▶ [Image-caption web data]:
= = = = =

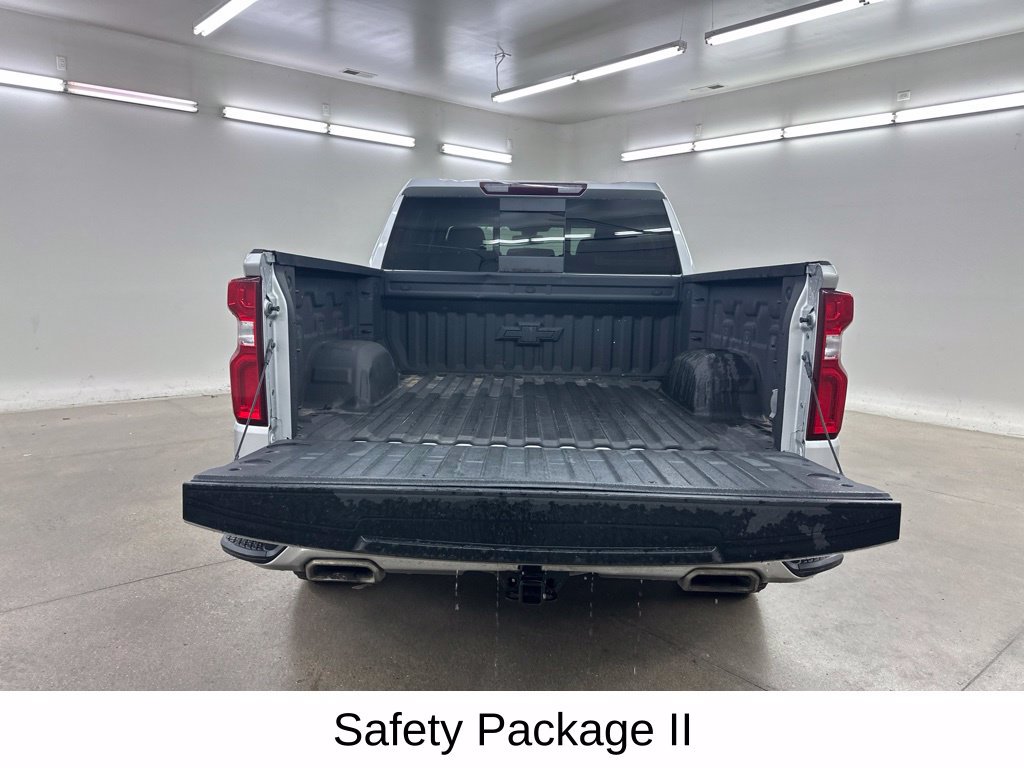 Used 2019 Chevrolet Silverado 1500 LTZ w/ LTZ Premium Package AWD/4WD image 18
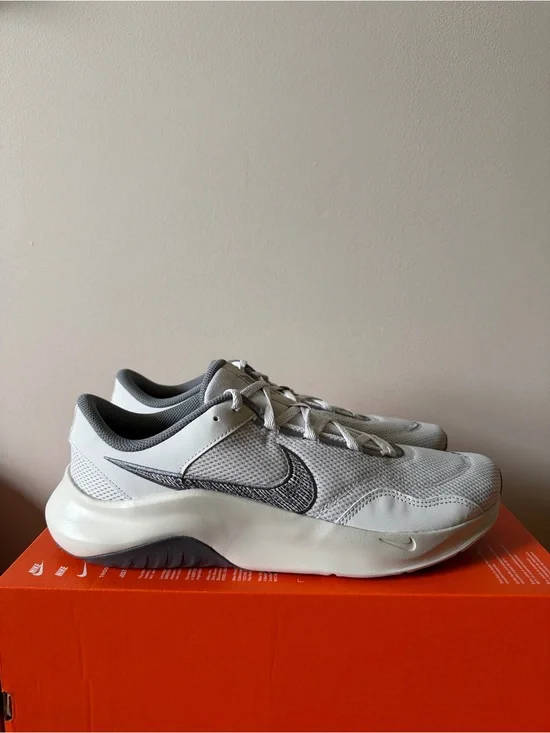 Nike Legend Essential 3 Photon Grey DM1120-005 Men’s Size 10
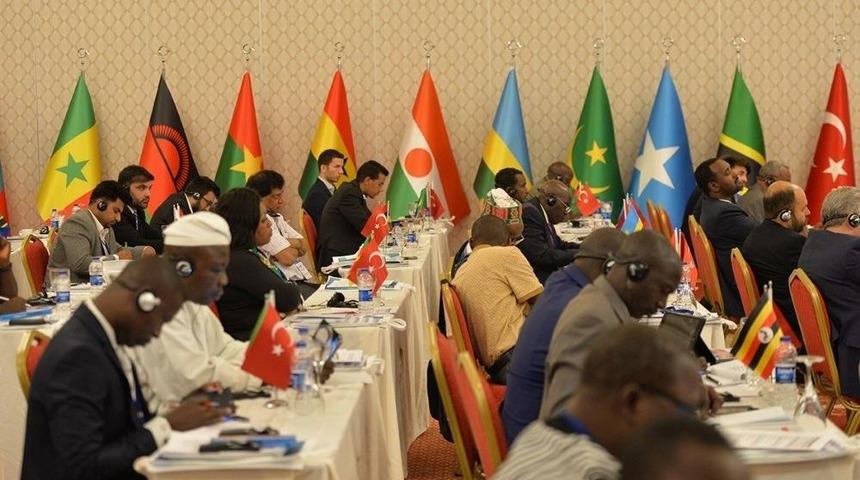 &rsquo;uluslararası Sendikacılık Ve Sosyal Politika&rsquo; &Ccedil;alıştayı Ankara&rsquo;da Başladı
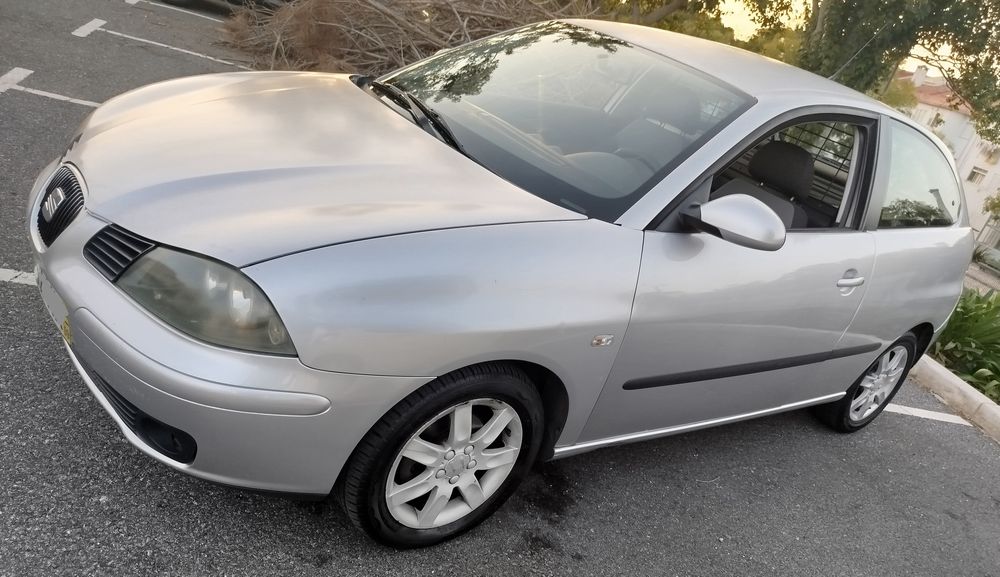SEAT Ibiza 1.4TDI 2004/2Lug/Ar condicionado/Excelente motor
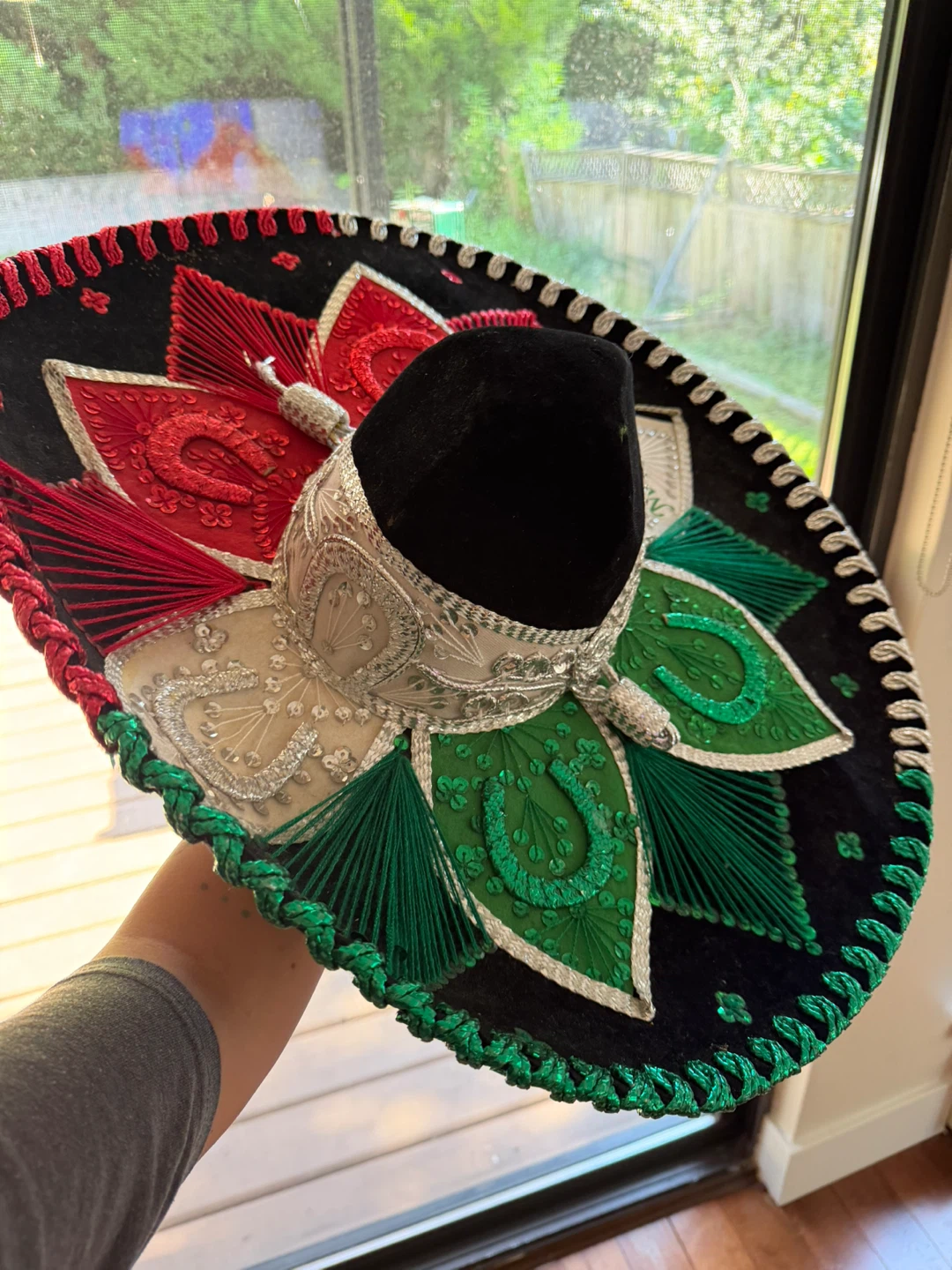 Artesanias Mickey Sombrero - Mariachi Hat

= = = = =

▶ [Task details]: Please print the span that begins at the line holding "Politika&rsquo; &Ccedil;alıştayı Ankara&rsquo;da Başladı" and ends at the last line of the data, both ends included, with no pictures.

▶ [Finished exercise]:
 &rsquo;uluslararası Sendikacılık Ve Sosyal Politika&rsquo; &Ccedil;alıştayı Ankara&rsquo;da Başladı
SEAT Ibiza 1.4TDI 2004/2Lug/Ar condicionado/Excelente motor
 Artesanias Mickey Sombrero - Mariachi Hat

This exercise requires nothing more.